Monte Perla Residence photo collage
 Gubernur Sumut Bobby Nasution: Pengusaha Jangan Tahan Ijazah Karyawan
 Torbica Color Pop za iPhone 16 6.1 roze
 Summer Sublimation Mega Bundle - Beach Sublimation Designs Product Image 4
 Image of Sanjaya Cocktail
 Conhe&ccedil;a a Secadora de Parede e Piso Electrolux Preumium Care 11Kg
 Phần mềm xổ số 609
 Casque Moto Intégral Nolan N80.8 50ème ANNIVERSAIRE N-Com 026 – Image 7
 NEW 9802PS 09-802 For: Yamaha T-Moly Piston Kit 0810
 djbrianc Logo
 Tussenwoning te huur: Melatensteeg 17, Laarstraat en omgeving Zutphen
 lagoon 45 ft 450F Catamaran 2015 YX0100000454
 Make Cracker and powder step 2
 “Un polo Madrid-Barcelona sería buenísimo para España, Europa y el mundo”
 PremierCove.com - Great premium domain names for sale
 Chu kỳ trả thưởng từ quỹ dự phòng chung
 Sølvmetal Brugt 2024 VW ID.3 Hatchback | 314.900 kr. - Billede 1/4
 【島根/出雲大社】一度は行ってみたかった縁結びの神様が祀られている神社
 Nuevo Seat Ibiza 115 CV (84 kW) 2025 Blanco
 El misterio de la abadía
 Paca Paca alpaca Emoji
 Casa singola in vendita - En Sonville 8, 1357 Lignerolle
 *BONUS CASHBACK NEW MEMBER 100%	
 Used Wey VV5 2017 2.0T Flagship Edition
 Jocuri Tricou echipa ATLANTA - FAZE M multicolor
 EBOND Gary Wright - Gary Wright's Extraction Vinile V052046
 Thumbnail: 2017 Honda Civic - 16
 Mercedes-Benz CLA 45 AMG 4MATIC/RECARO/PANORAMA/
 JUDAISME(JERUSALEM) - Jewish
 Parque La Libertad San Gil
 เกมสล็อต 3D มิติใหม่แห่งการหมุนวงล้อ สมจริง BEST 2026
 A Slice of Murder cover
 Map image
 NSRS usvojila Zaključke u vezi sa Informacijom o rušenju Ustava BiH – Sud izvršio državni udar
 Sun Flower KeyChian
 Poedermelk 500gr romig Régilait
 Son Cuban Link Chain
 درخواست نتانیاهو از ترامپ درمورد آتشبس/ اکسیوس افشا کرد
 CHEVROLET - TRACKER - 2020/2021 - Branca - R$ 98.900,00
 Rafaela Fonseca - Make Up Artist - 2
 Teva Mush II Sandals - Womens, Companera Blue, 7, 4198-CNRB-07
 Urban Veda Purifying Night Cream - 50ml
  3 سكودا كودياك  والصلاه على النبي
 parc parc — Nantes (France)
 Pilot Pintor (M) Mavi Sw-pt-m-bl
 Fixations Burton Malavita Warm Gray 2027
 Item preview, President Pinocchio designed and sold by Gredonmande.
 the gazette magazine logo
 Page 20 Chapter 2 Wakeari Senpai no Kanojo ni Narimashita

++++++

◆ THE TASK: The records above should be restated word for word, please.

◆ RESULT OF THIS EXERCISE:
Monte Perla Residence photo collage
 Gubernur Sumut Bobby Nasution: Pengusaha Jangan Tahan Ijazah Karyawan
 Torbica Color Pop za iPhone 16 6.1 roze
 Summer Sublimation Mega Bundle - Beach Sublimation Designs Product Image 4
 Image of Sanjaya Cocktail
 Conhe&ccedil;a a Secadora de Parede e Piso Electrolux Preumium Care 11Kg
 Phần mềm xổ số 609
 Casque Moto Intégral Nolan N80.8 50ème ANNIVERSAIRE N-Com 026 – Image 7
 NEW 9802PS 09-802 For: Yamaha T-Moly Piston Kit 0810
 djbrianc Logo
 Tussenwoning te huur: Melatensteeg 17, Laarstraat en omgeving Zutphen
 lagoon 45 ft 450F Catamaran 2015 YX0100000454
 Make Cracker and powder step 2
 “Un polo Madrid-Barcelona sería buenísimo para España, Europa y el mundo”
 PremierCove.com - Great premium domain names for sale
 Chu kỳ trả thưởng từ quỹ dự phòng chung
 Sølvmetal Brugt 2024 VW ID.3 Hatchback | 314.900 kr. - Billede 1/4
 【島根/出雲大社】一度は行ってみたかった縁結びの神様が祀られている神社
 Nuevo Seat Ibiza 115 CV (84 kW) 2025 Blanco
 El misterio de la abadía
 Paca Paca alpaca Emoji
 Casa singola in vendita - En Sonville 8, 1357 Lignerolle
 *BONUS CASHBACK NEW MEMBER 100%	
 Used Wey VV5 2017 2.0T Flagship Edition
 Jocuri Tricou echipa ATLANTA - FAZE M multicolor
 EBOND Gary Wright - Gary Wright's Extraction Vinile V052046
 Thumbnail: 2017 Honda Civic - 16
 Mercedes-Benz CLA 45 AMG 4MATIC/RECARO/PANORAMA/
 JUDAISME(JERUSALEM) - Jewish
 Parque La Libertad San Gil
 เกมสล็อต 3D มิติใหม่แห่งการหมุนวงล้อ สมจริง BEST 2026
 A Slice of Murder cover
 Map image
 NSRS usvojila Zaključke u vezi sa Informacijom o rušenju Ustava BiH – Sud izvršio državni udar
 Sun Flower KeyChian
 Poedermelk 500gr romig Régilait
 Son Cuban Link Chain
 درخواست نتانیاهو از ترامپ درمورد آتشبس/ اکسیوس افشا کرد
 CHEVROLET - TRACKER - 2020/2021 - Branca - R$ 98.900,00
 Rafaela Fonseca - Make Up Artist - 2
 Teva Mush II Sandals - Womens, Companera Blue, 7, 4198-CNRB-07
 Urban Veda Purifying Night Cream - 50ml
  3 سكودا كودياك  والصلاه على النبي
 parc parc — Nantes (France)
 Pilot Pintor (M) Mavi Sw-pt-m-bl
 Fixations Burton Malavita Warm Gray 2027
 Item preview, President Pinocchio designed and sold by Gredonmande.
 the gazette magazine logo
 Page 20 Chapter 2 Wakeari Senpai no Kanojo ni Narimashita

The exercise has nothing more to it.